> _Dataset extract_
────
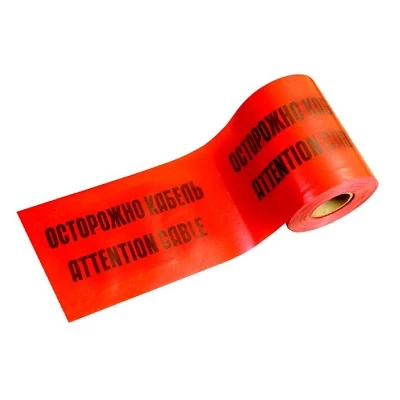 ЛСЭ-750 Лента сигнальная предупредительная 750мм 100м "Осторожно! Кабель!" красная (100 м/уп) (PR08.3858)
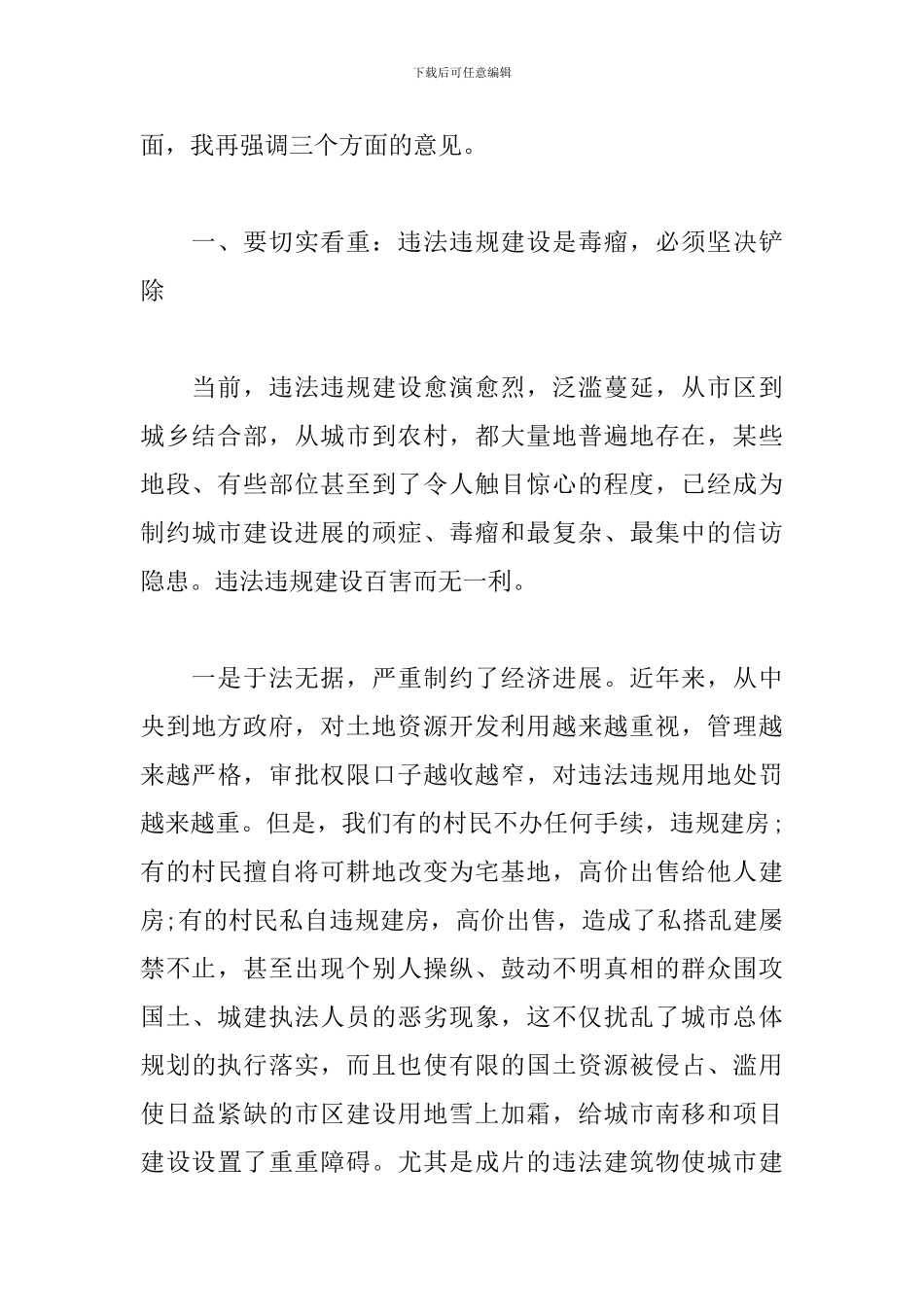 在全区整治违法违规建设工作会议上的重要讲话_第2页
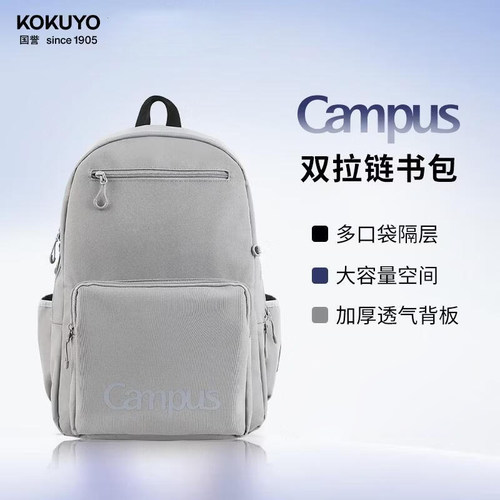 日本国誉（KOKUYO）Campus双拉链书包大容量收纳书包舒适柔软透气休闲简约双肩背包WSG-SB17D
────
> _Task brief_
The answer must be an exact copy of the lines from the one with "在全区整治违法违规建设工作会议上的重要讲话_第2页" through the final line above, both ends included, and nothing else; pictures stay out.

> _Your response_
 在全区整治违法违规建设工作会议上的重要讲话_第2页
 日本国誉（KOKUYO）Campus双拉链书包大容量收纳书包舒适柔软透气休闲简约双肩背包WSG-SB17D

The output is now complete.